## Exercise goal
All of the data goes into your copy exactly as written. Images do not.

## Raw data
=======

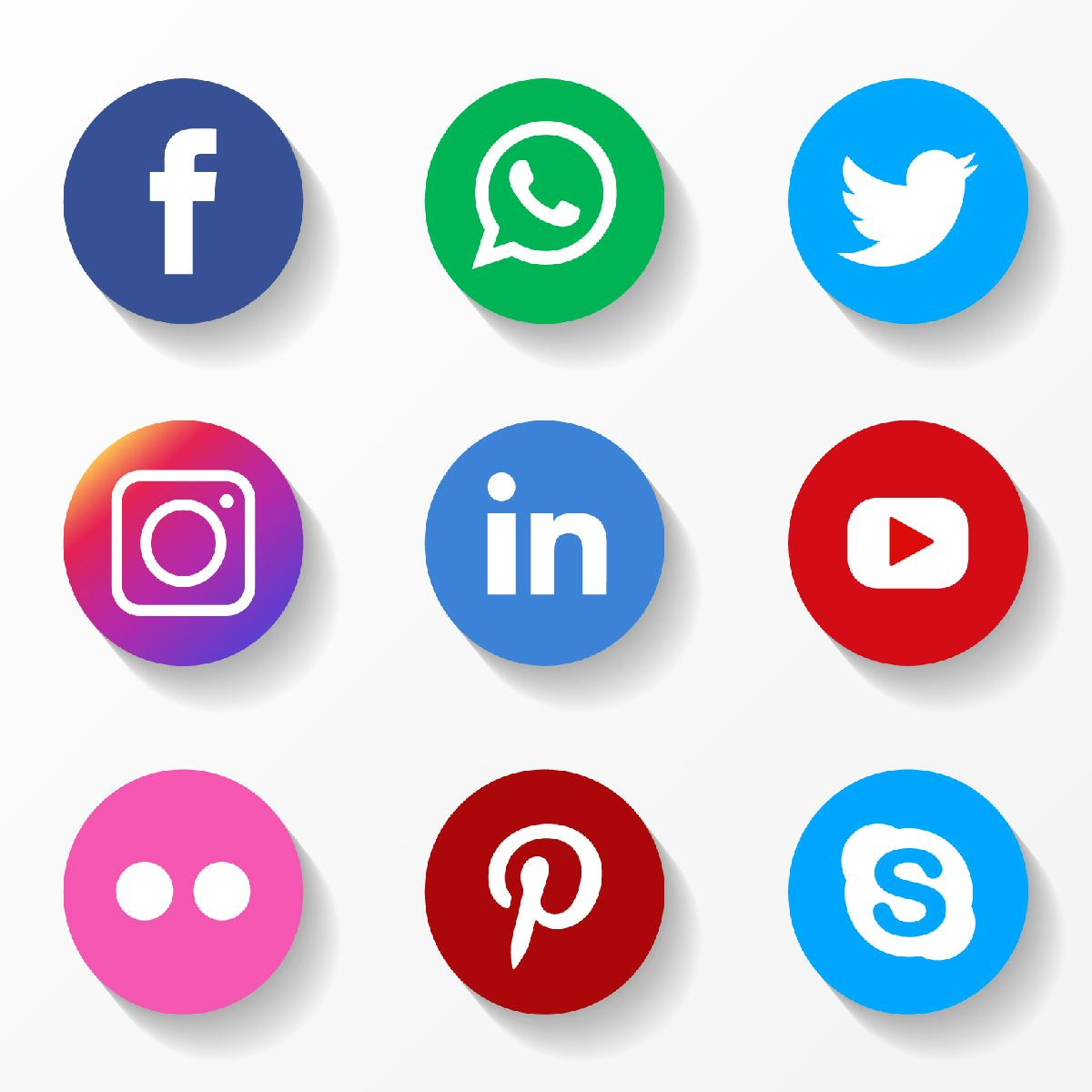 FREE Social Media icons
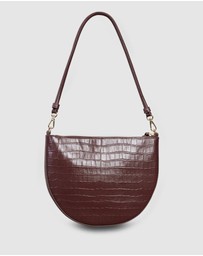 SABEN - Gani Shoulder Bag Espresso Croc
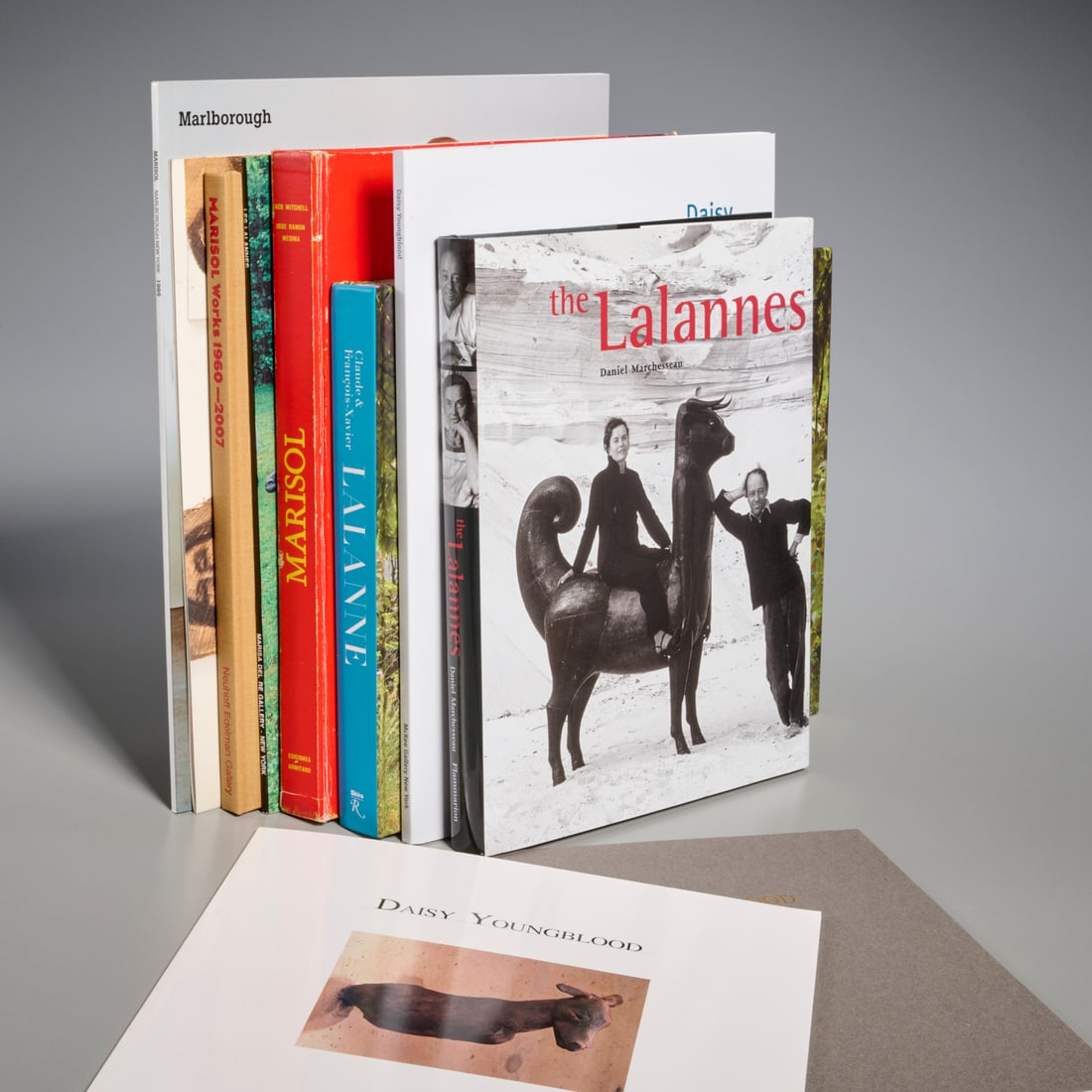 (10) Vols., Lalannes, Youngblood, Marisol: (10) Vols., Lalannes, Youngblood, Marisol, Incl. 1) Les Lalannes, Marisa Del Re, 1988; 2) The Lalannes, Flammarion, 1998; 3) Lalanne Art work Life, Skira/rizzoli2012; 4) Daisy Youngblood, Univ. of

=======

## Reply to the task
 FREE Social Media icons
 SABEN - Gani Shoulder Bag Espresso Croc
 (10) Vols., Lalannes, Youngblood, Marisol: (10) Vols., Lalannes, Youngblood, Marisol, Incl. 1) Les Lalannes, Marisa Del Re, 1988; 2) The Lalannes, Flammarion, 1998; 3) Lalanne Art work Life, Skira/rizzoli2012; 4) Daisy Youngblood, Univ. of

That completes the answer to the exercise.